To highlight issues of ignored substructure, I found this criticism of the Jamaa'ah at-Tableegh order which some members of my family are active in under "deviant groups" over at the Fatwa Online site. Many of the criticisms have to do with the fact that the Tableegh seems apolitical, quietist, and focused on person-to-person persuasion (a good analogy would be active evangelical Christian groups in the United States). Nevertheless, I have a hard time characterizing the Tableeghis as anything but fundamentalist, as they hew to a strict interpretation of Hanafi Sunni prescribed behavior in their personal life, and encourage this upon others (incessantly I might add!).

When commentators speak of "moderate Islam" vs. "fundamentalist Islam," there are serious typological issues here, as some moderate Muslim dictators are far more vicious and deleterious to the cause of individual rights and conscious than the more quietest fundamentalist Muslims. There are multiple cross-linkages that need to be characterized, and the fine-grained topography has to be studied before detailed analysis can be made (as opposed to rough-and-ready generalizations). Additionally, the correct way of stating it should be Islams, not Islam, at least from the perspective of a non-believer who sees Islam as simply one of many coalitions of belief systems.

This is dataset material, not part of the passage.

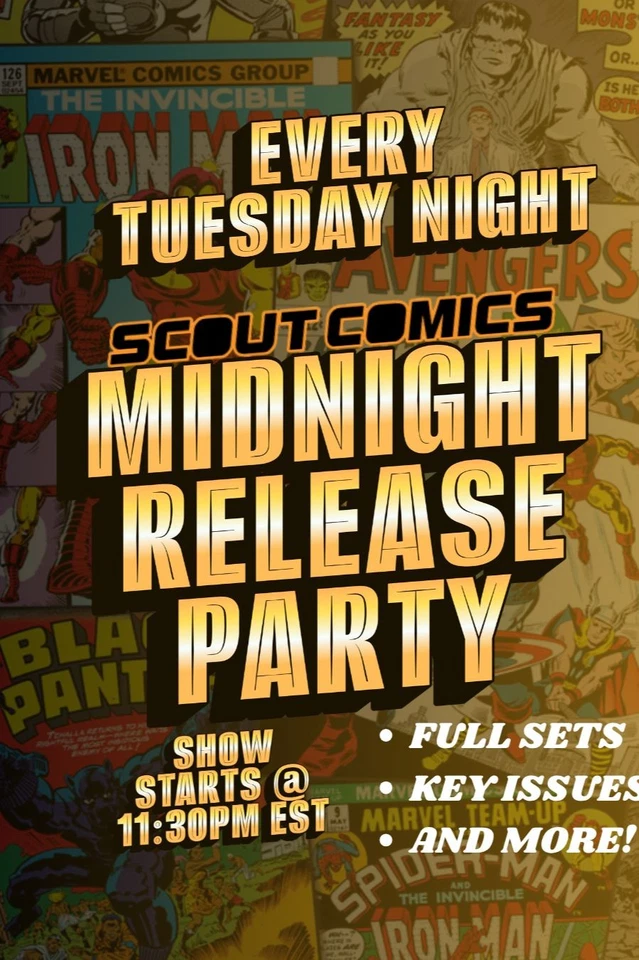 MIDNIGHT NEW RELEASE PARTY - Scout Late Night Show - LIVE w/Trey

Finally, I would end by saying there are some serious problems with the distribution of Muslim attidues and beliefs world-wide. No matter the distinctions within, one particular subset of the Ummah, characterized by intersecting values that place them on the tail ends of multiple distribution curves act out in a violent manner, all across the Muslim world and beyond. Certainly, similar things might be said of some obscure radical-right-wing Christian groups in the United States, often associated with Christian Identity racialism, but judging by the numbers, it seems that the intersection of values at extreme ends of the distributions are rather rarer in modern Christianity [1]. This to me suggests that the center of gravity of Islam is shifted over so that the violent and socially distruptive subset is a far larger faction of the total area under the curve. If Islam is to coexist in amity with other faiths and cultures, the mean must be driven in the other direction so that the numbers of the violent subset become trivial. Time will act as a solvent, as will economic development, the key is whether this will happen fast enough so that the destructive subset does not bring destruction down upon the House of Islam, and perhaps the world....

[1] As I like to say, in modern Christianity you see the God of Abraham gelded. He is no longer a God of Wars, but a God of Love, as his testosterone:estrogen ratio dropped after the loss of his God-man-parts during the Wars of Religion and Enlightenment.